We import our MNIST data.

In [None]:
from sklearn.model_selection import train_test_split

x_train_val, x_test, y_train_val, y_test = train_test_split(
    mnist.data, mnist.target, test_size=10000)

x_train, x_val, y_train, y_val = train_test_split(
    x_train_val, y_train_val, test_size=10000)

We split our data into training, validation, and test set.

In [None]:
random_forest_classifier = RandomForestClassifier(n_estimators=100)
extra_trees_classifier = ExtraTreesClassifier(n_estimators=100)
svm_classifier = LinearSVC()
mlp_classifier = MLPClassifier()

estimators = [random_forest_classifier, extra_trees_classifier, svm_classifier, mlp_classifier]
for estimator in estimators:
    estimator.fit(x_train, y_train)

We fit the models with the training data.

In [None]:
[estimator.score(x_val, y_val) for estimator in estimators]

We check the score of our models.

SVC seems a bit low with significantly less than 95%.

In [None]:
grouped_classifiers = [
    ("random_forest_classifier", random_forest_classifier),
    ("extra_tress_classifier", extra_trees_classifier),
    ("svm_classifier", svm_classifier),
    ("mlp_classifier", mlp_classifier),
]

voting_classifier = VotingClassifier(grouped_classifiers)
voting_classifier.fit(x_train, y_train)
voting_classifier.score(x_val, y_val)

So we group the classifier into a voting classifier and we get 0.9681.

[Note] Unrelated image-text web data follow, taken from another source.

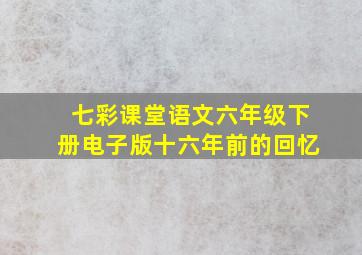 七彩课堂语文六年级下册电子版十六年前的回忆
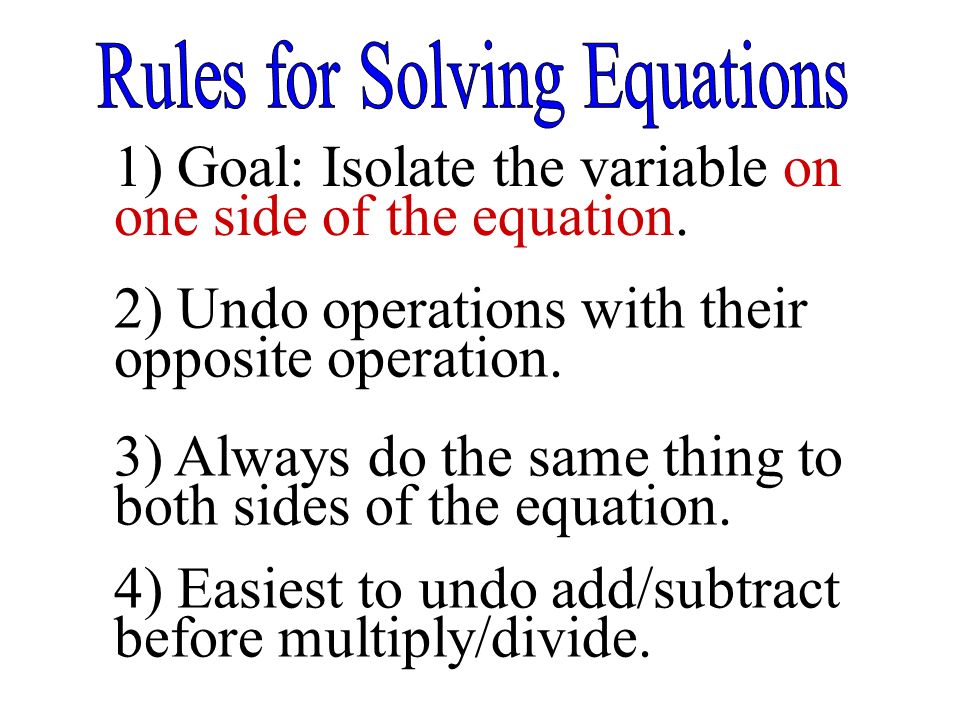 Rules for Solving Equations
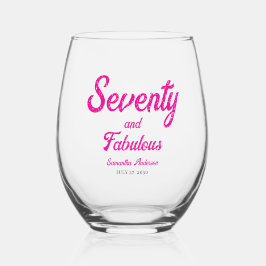 Modern Seveny and Fabulous Pink 70th Birthday Weinglas Ohne Stiel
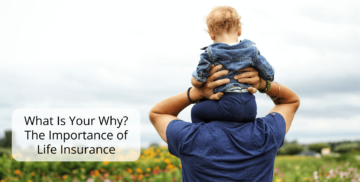 What is your why? The importance of life insurance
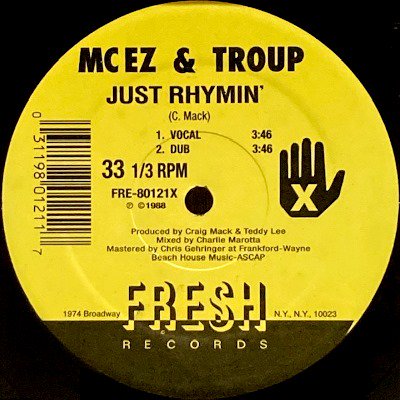 MC EZ & TROUP - JUST RHYMIN' / GET RETARDED (12) (EX)
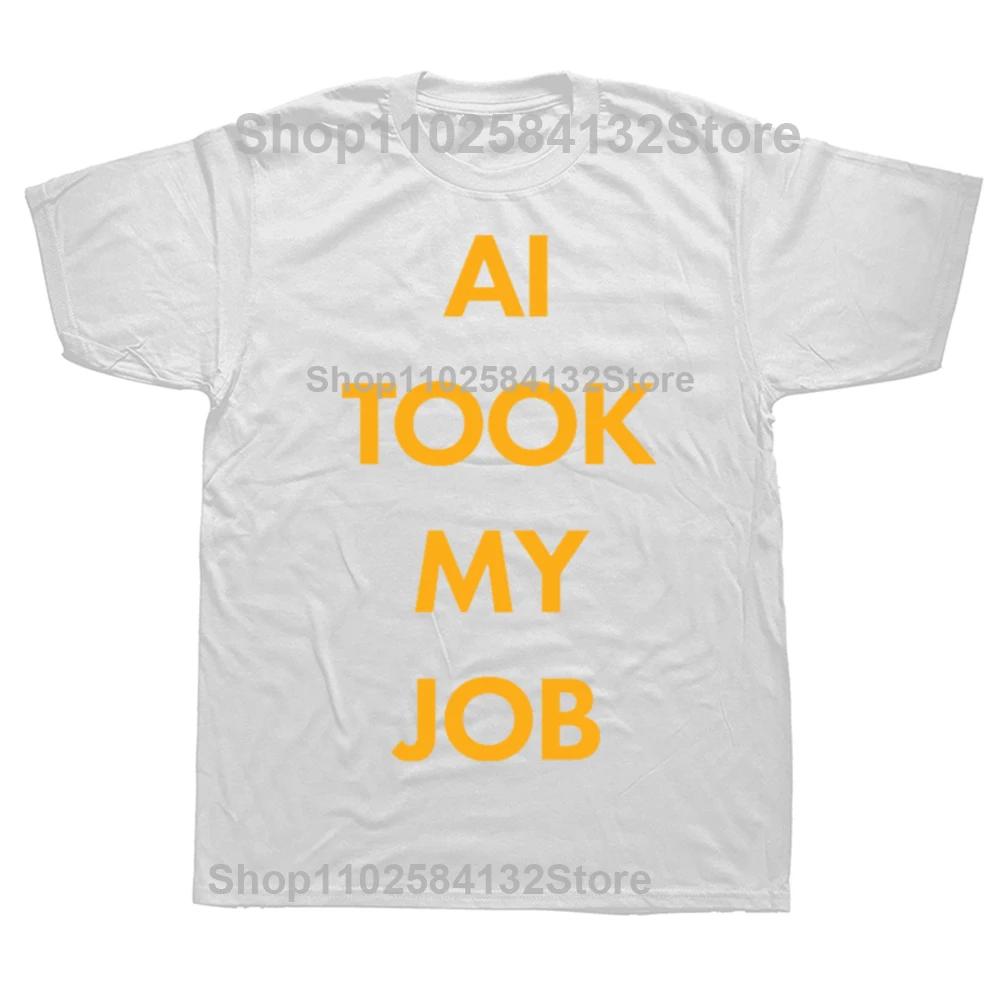 Funny AI TOOK MY JOB Classic TShirt Graphic Men Womens Fashion Casual Tshirt 100 Cotton Loose Oversized T Shirt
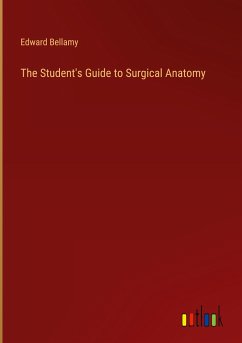 The Student's Guide to Surgical Anatomy - Bellamy, Edward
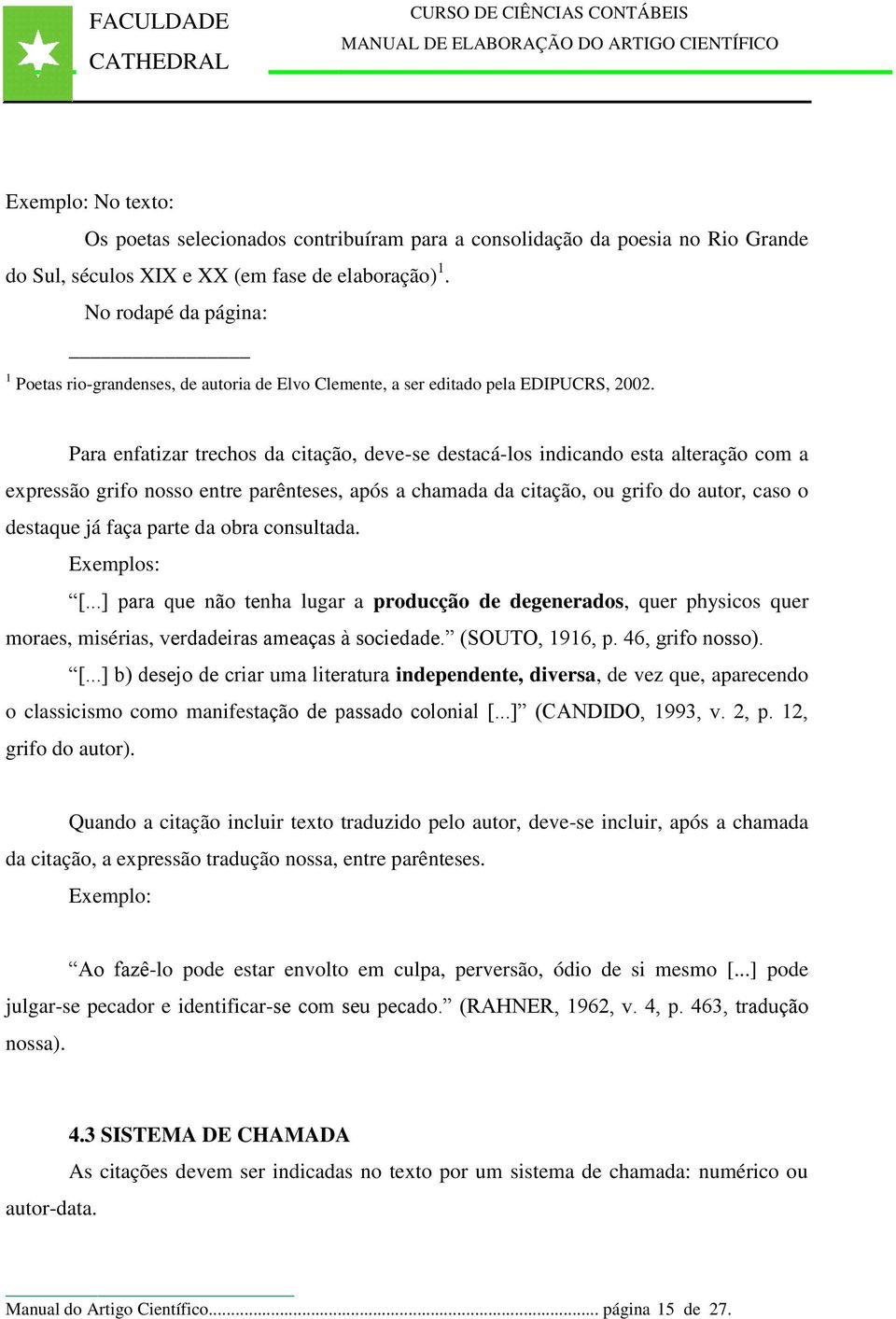 Para enfatizar trechos da citação, deve-se destacá-los indicando esta alteração com a expressão grifo nosso entre parênteses, após a chamada da citação, ou grifo do autor, caso o destaque já faça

Not bad, better than any of the other independent classifiers.

In [None]:
voting_classifier.set_params(svm_classifier=None)
del voting_classifier.estimators_[2]

Let's try getting rid of the SVC to see if our model improves.

In [None]:
voting_classifier.estimators
voting_classifier.estimators_

In [None]:
voting_classifier.voting = "soft"

Let's use soft voting and predict the class with the highest probability averaged over all the individual classifier.

It usually does better than hard voting since it gives more weight to the classifiers that are more confident.

In [None]:
voting_classifier.score(x_val, y_val)

We get 0.9679 which isn't bad.

Let's try our test set.

In [None]:
voting_classifier.score(x_test, y_test)

We get 0.9657 which isn't as good as our validation set but still pretty good.

In [None]:
[estimator.score(x_test, y_test) for estimator in voting_classifier.estimators_]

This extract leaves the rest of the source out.